** INFORMATION SUPPLIED follows **
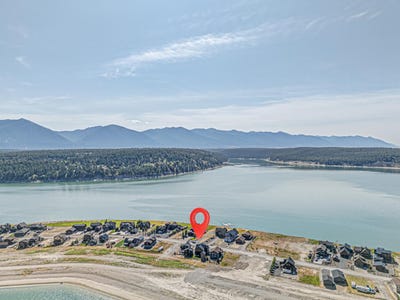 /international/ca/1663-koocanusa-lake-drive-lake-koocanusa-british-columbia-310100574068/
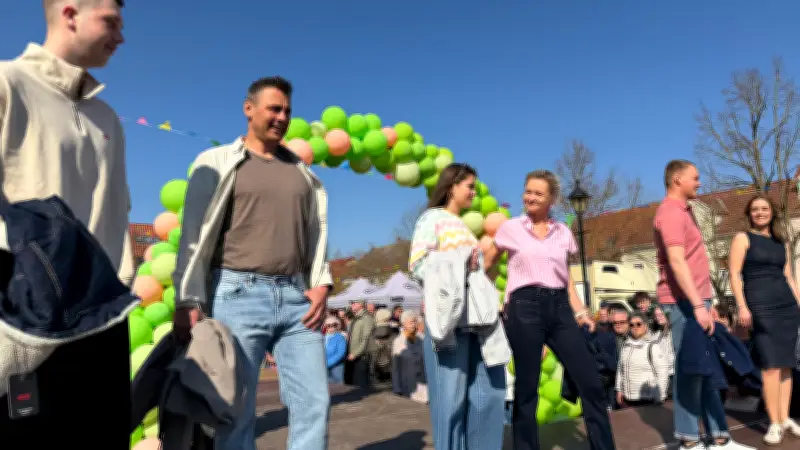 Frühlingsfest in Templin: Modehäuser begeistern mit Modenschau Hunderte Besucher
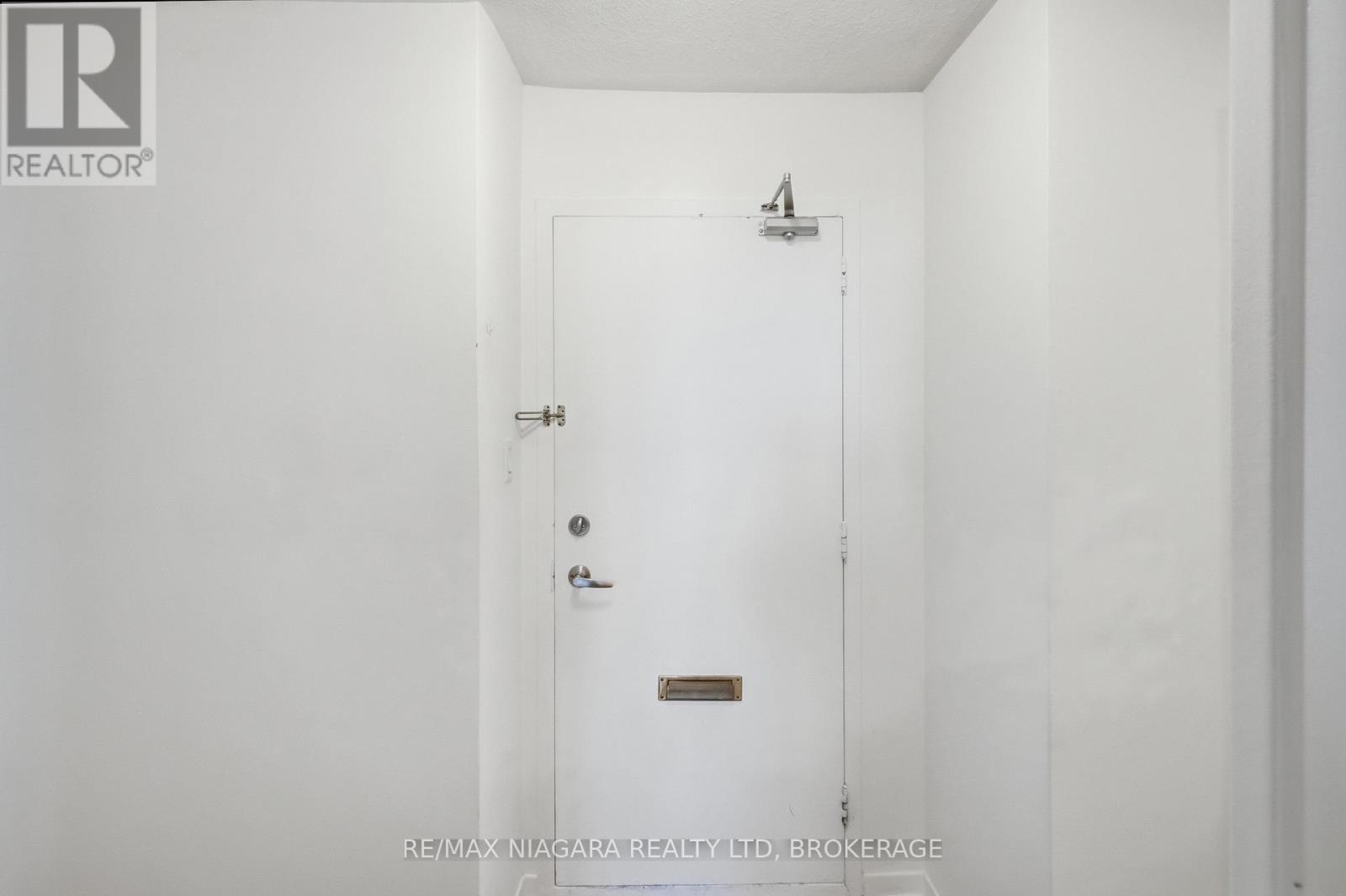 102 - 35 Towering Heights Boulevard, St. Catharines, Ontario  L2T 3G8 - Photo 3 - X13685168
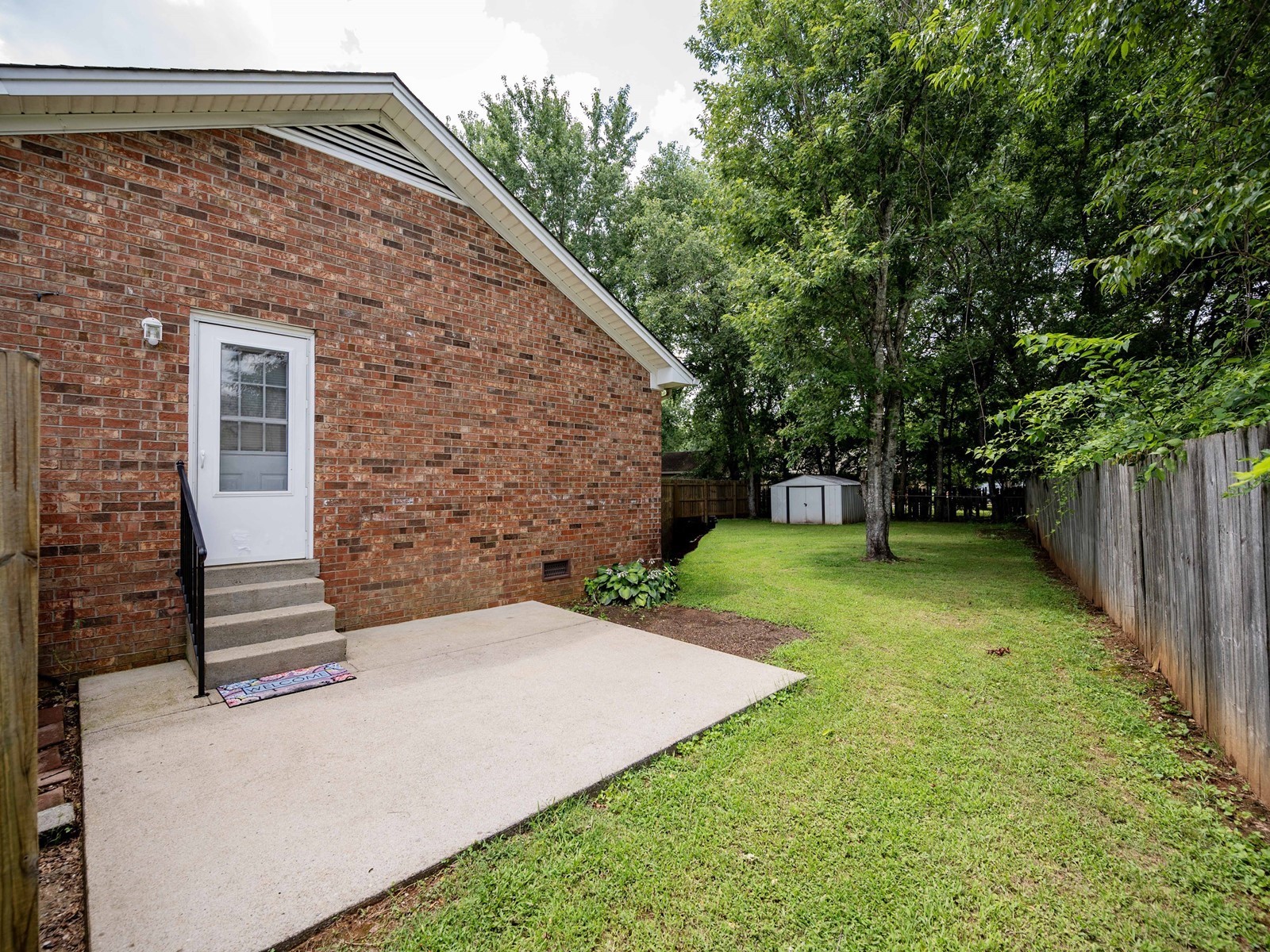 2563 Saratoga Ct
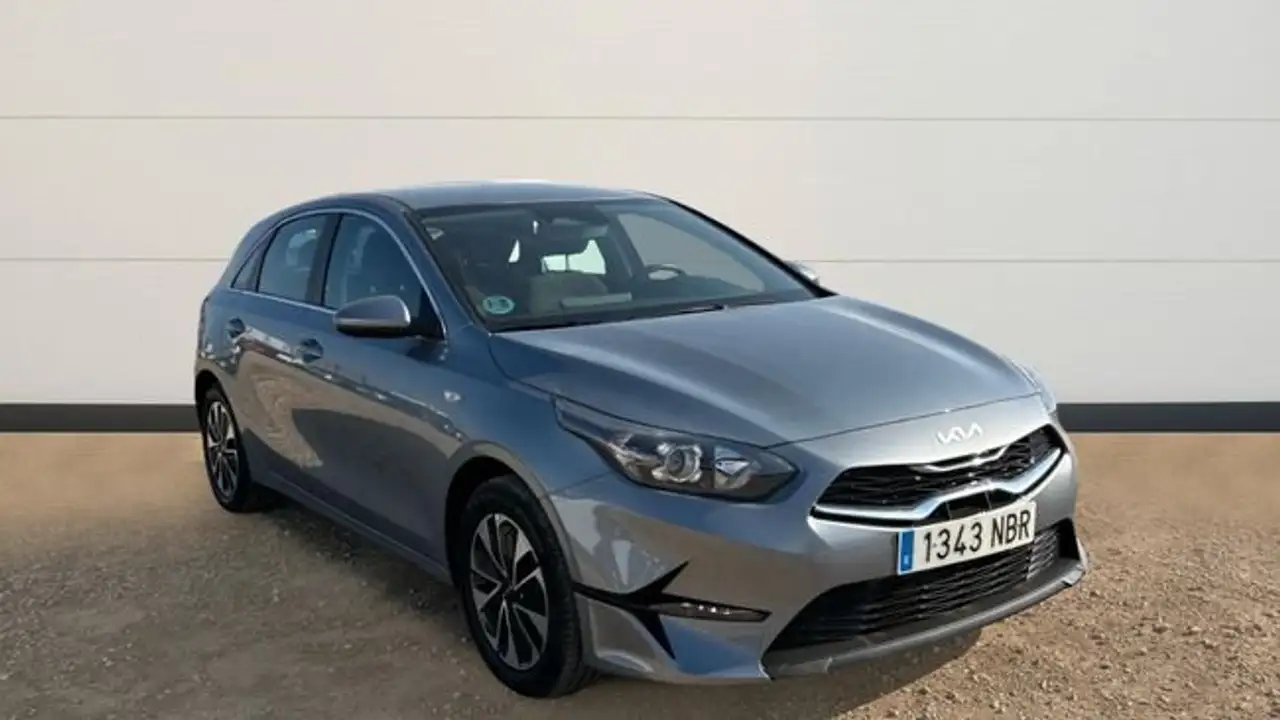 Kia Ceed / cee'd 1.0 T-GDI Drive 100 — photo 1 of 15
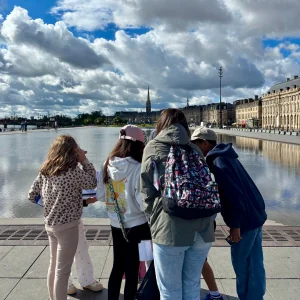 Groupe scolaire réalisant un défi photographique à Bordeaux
** End of INFORMATION SUPPLIED **
** INFORMATION SUPPLIED follows **
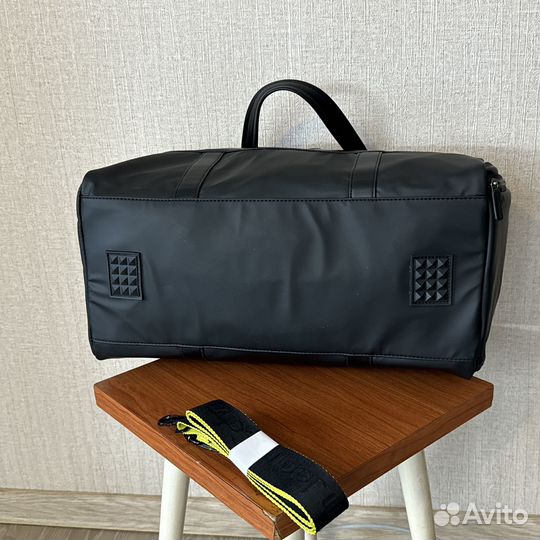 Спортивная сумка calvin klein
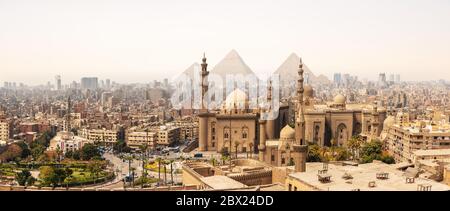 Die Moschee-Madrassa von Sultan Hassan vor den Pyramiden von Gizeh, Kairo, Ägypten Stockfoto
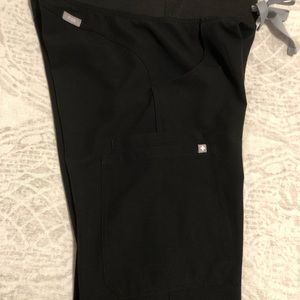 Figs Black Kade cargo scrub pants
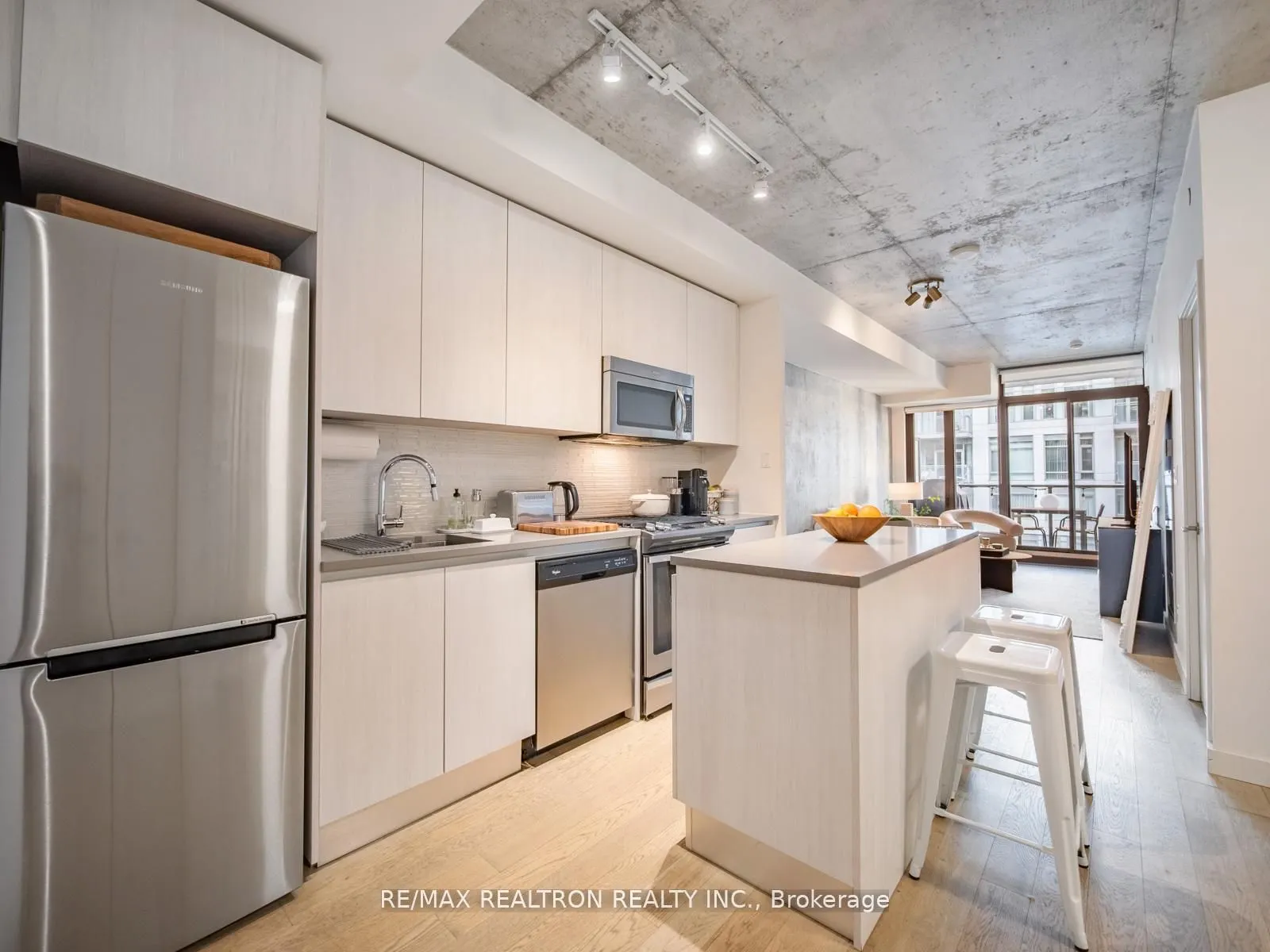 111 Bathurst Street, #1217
** End of INFORMATION SUPPLIED **
** INFORMATION SUPPLIED follows **
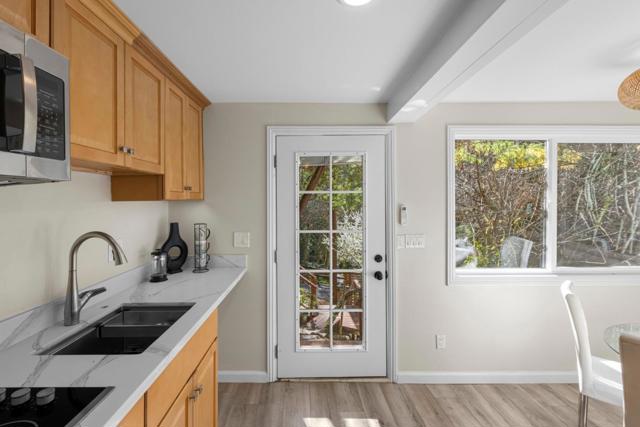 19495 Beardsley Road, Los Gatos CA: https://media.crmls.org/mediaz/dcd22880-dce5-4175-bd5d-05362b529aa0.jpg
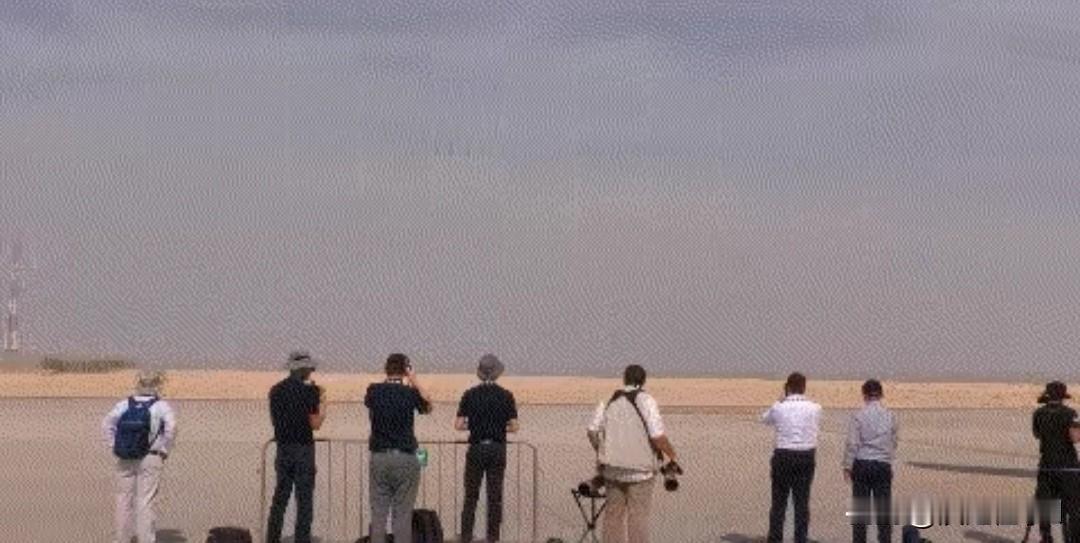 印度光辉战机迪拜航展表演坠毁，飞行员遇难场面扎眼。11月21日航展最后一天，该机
** End of INFORMATION SUPPLIED **
• [TASK OBJECTIVE] What is needed is an exact copy of the lines above from the one with "Figs Black Kade cargo scrub pants" to the one with "111 Bathurst Street, #1217", both ends kept, and nothing more; please leave the pictures out.

• [TASK ANSWER]
 Figs Black Kade cargo scrub pants
 111 Bathurst Street, #1217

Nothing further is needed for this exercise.